A nightmarish labour of stop-motion love, Mad God is a film that took 30 years to bring to the screen. Its accomplishments are admirable if covered in viscera, making this voyage into dream logic, a mostly plot-free descent into demented vistas an occasional test of patience. Following a Tower Of Babel destruction and a portentous quotation from Leviticus at its opening, the film then follows a diving bell, peopled by a gasmask-wearing assassin armed with a suitcase bomb and a crumbling/skin map.
With nods to Milton, Dante and Hieronymous Bosch, the assassin travels through levels of hellish imagery: defecating titans, mouths issuing orders in baby babble, hideous mutations all competing for the most horrid, haunting images to be seared on your mind. The stop-motion blends with live action at points, with cult film director Alex Cox (Repo Man, Sid & Nancy) cropping up as a Nosferatu-fingered boss, and some Pythonesque 2D animation is also utilized.
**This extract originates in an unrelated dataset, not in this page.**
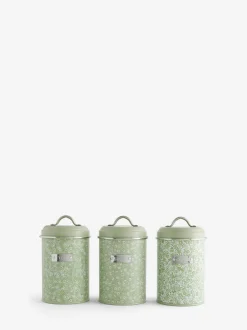 Keukenopslag*Next Cordelia - Set van 3 ditsy gebloemde bewaarbussen Grijs-groen
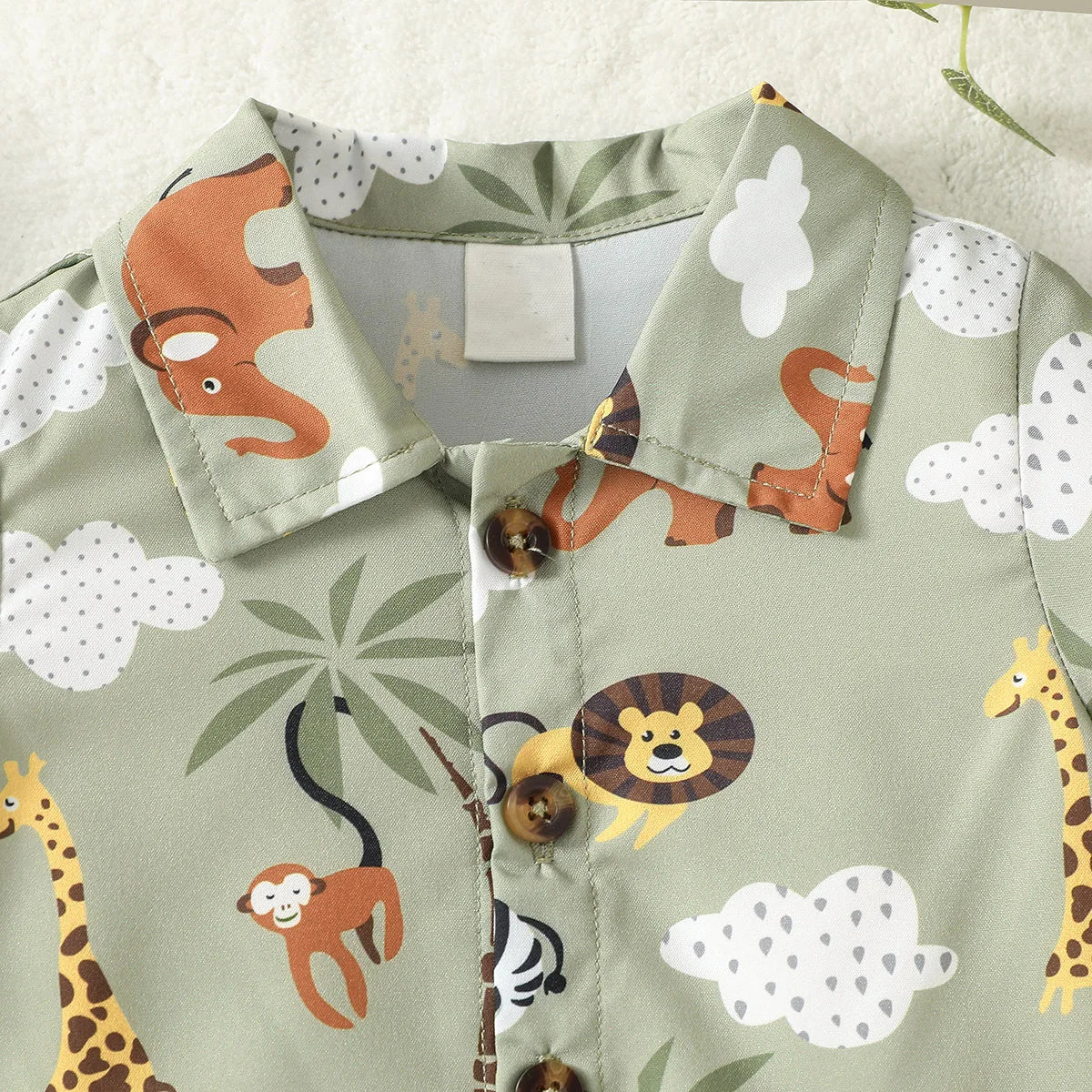 Conjunto infantil menino zoológico, Conjunto infantil masculino, conjunto infantil camisa/short, conjunto infantil, conjunto infantil casual, conjunto infantil menino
It’s more an experience than a narrative-driven piece, although the futility of existence, the circular nature of time and the capability for the powerful to exploit the weak are all touched upon. The animation, as you’d expect from Tippett – the man behind creature design, puppetry and visual effects in everything from Star Wars to Robocop to The Twilight Saga – is astonishing: tipping its hat to Ray Harryhausen’s mastery of the technique but with a niche, unashamedly cult appeal.
Starting back in the late 1980s, while Phil Tippett was working on Robocop 2, Mad God was shelved when the director saw how CGI was replacing more traditional stop-motion; after working on Jurassic Park himself, he thought this art form may be dying. In the mid-2000s, however, a Kickstarter campaign helped bring this weird, unsettling film to completion.
The artistry is undeniable but this is a tough, often stomach-churning watch – filled with gruesome horror, lovingly and painstakingly realized. You haven’t seen anything like Mad God and may not want to again.